When I saw your painting of the lobster, politely offering his own bowl of melted butter, I knew I was out of my depth. The way the shapes echo one another is wonderful, the black bowl echoing the rounded shape of the plate, the metal cracker (is that what it’s called?) suggesting the shapes of the claws. I’m so impressed with how you have rendered all the hard and reflective surfaces, organic, glass, metallic. THe color choices help unify the image as well, basically just black and white and warm shades of red, orange and yellow. A classy painting of a classic favorite meal. Kudos to you!

Terri Buchholz said...

I gotta say, just looking at lobsters and any such crustacea, ca-REEPS me out, but this is a WONDERFUL painting! The composition is masterful. It almost seems like an abstract of black and white and red-orange forms and at the same time, a realistic still life. I don't want to sound like a pretentious gas-bag, but I love the energy in this painting!

Pattie Wall said...

I decided a long time ago, that is the only way to eat lobster - with butter to dip into. I love how you made the lobster look like he was offering you the butter bowl! Great!

Art By Erika said...

You are a man after my own heart! I love steamed lobster and insist on cracking it myself! Where's the lemon? I love butter and lemon personally. This definitely belongs in my I love to eat but it's bad for me category because I keep eating it though I got food poisoning twice. I still eat it but I just don't order it at Red Lobster LOL The way you colored the lobster is most appealing and he healthy look you gave it makes a true lobster lover salivate good job!

Deb O said...

Just beautiful! Was it as fun to eat as to paint?
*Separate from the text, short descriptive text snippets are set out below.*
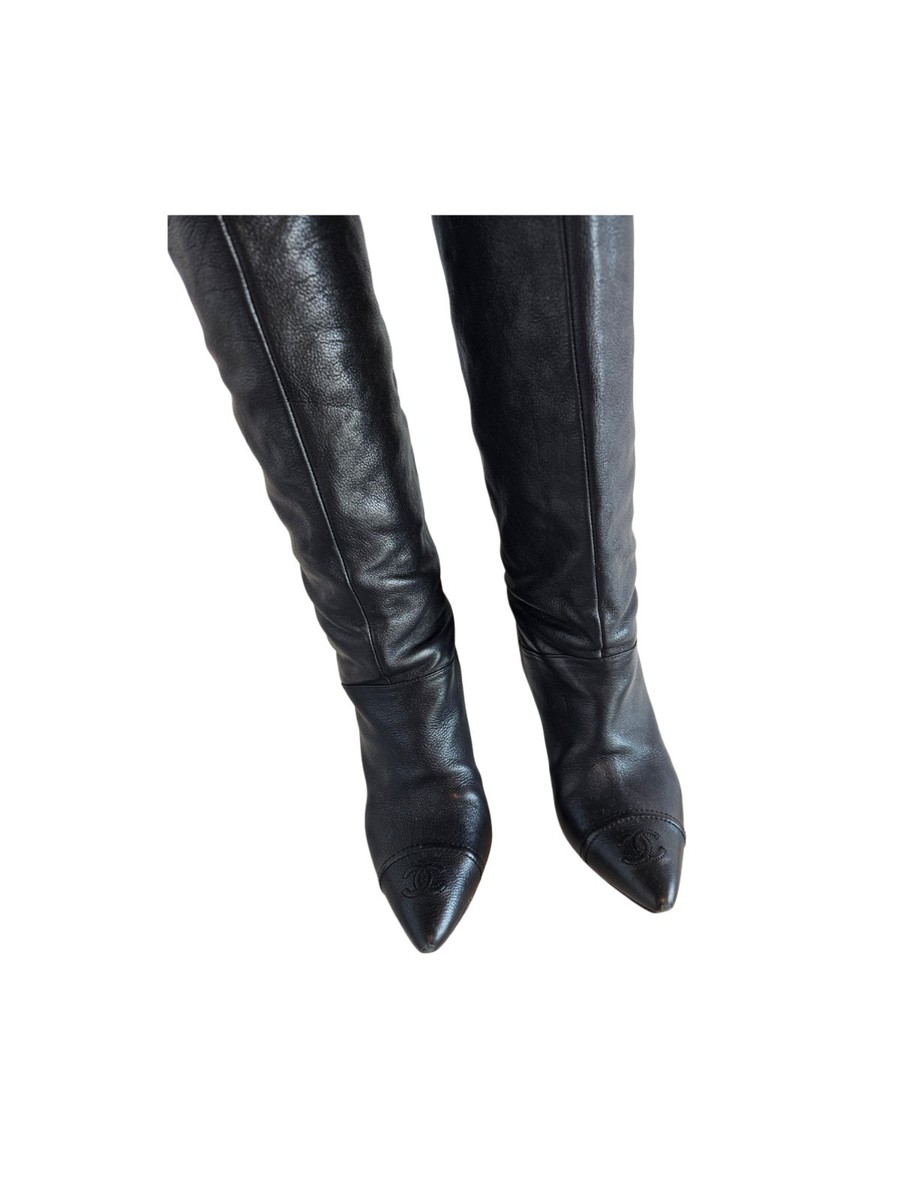靴 CHANEL Gladiator Buckle Knee High Boot Chanel gladiator tweed sandals size 39 $750 box and receipt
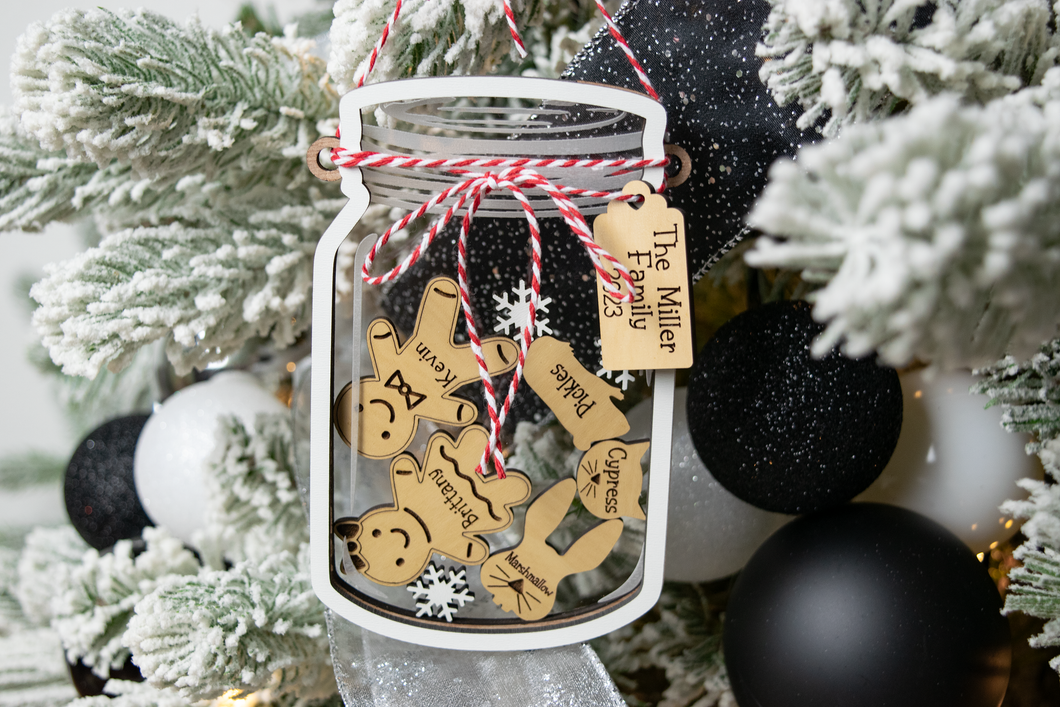 Personalized Gingerbread Shaker Family Christmas Ornament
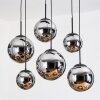 Gastor Hanglamp, Kogellampje, Hanglamp Chroom, Rookkleurig, 6-lichts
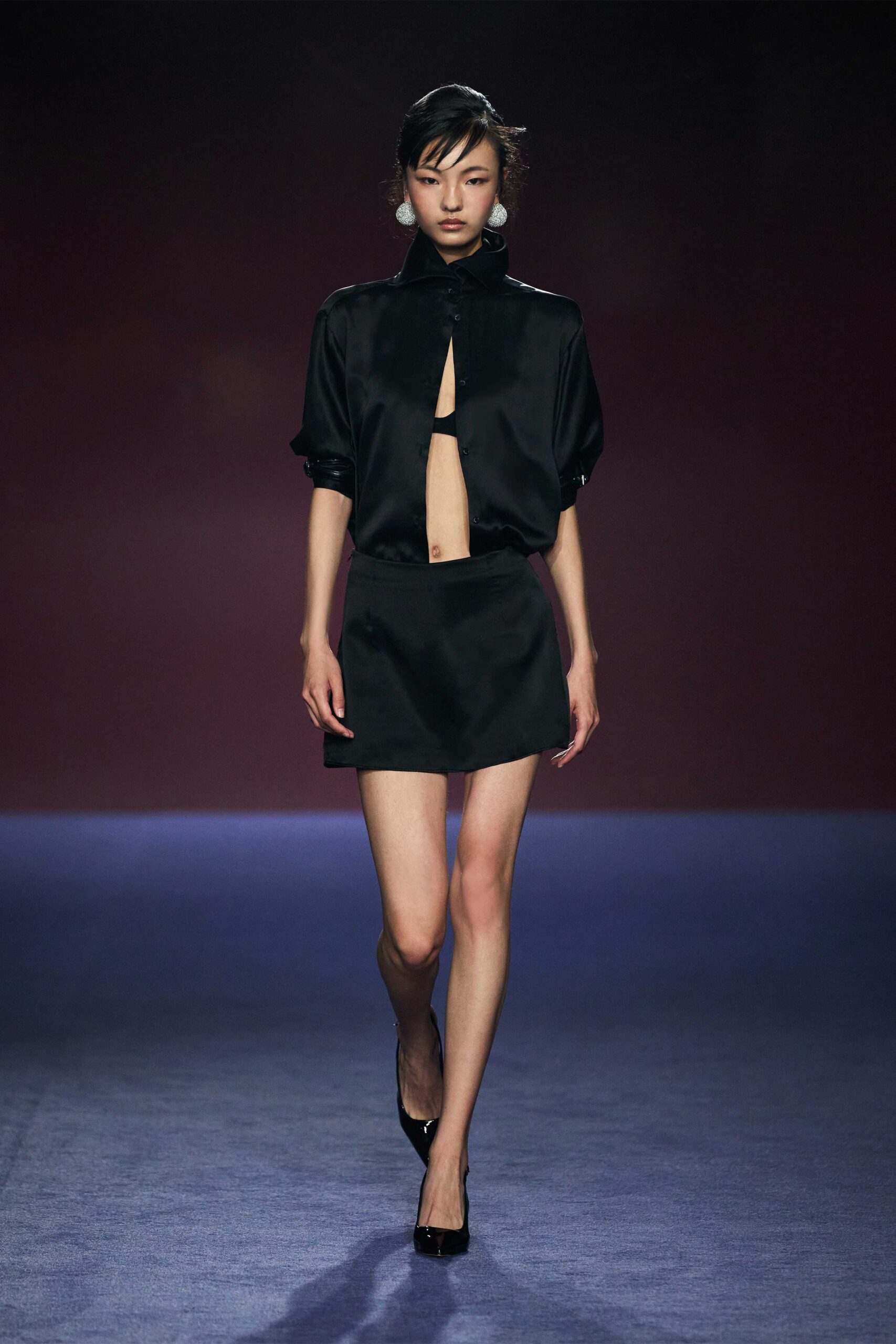black silk top and mini skirt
長卉lisettec_buswell0606 said...

I love readding, and thanks for your artical. ........................................

Mark Adams said...

Thanks for the wonderful comments, everyone! I just got back from Boston and am full of inspiration. I ate more "food that was bad for me" in the last three days than I normally eat in a month. "Craigie on Main", "Scupp's on the Harbor", Neptune Oyster House", "Gibbet Hill Farm" and Barbara Lynch's new restaurant - "Menton" elevated my culinary experience and I dare say, my cholesterol, to dizzying new heights.

Claire Beadon Carnell said...

Yummilicious in every way. The rich red of the cooked lobster shell is so attractive, and the thought of dipping the tender lobster into the melted butter...

Earthula said...

Ah Mark.. to tell you the truth , I was kinda feeling sad that I wasn't right next to you on the challenge because it meant I wouldn't get a comment... but YES!

A Heroic Adventure! (Snicker and snort.. too funny!)

Thank you!

Yay now I can watch All the Fellini films looking for the significance of jelly....

The Parent Trapped said...

The metal crackers really look like metal. I really don't know how you do it. Any tips for a newbie artist?

Mark Adams said...

Paula, The eye sees but the hand executes. Art is a seeing and feeling process. If you can perceive how light reflects off an object and can blend paint in the proper hues, the rest is easy. I know that may sound like a curt answer, but it really is as simple as that as far as the illusion is concerned.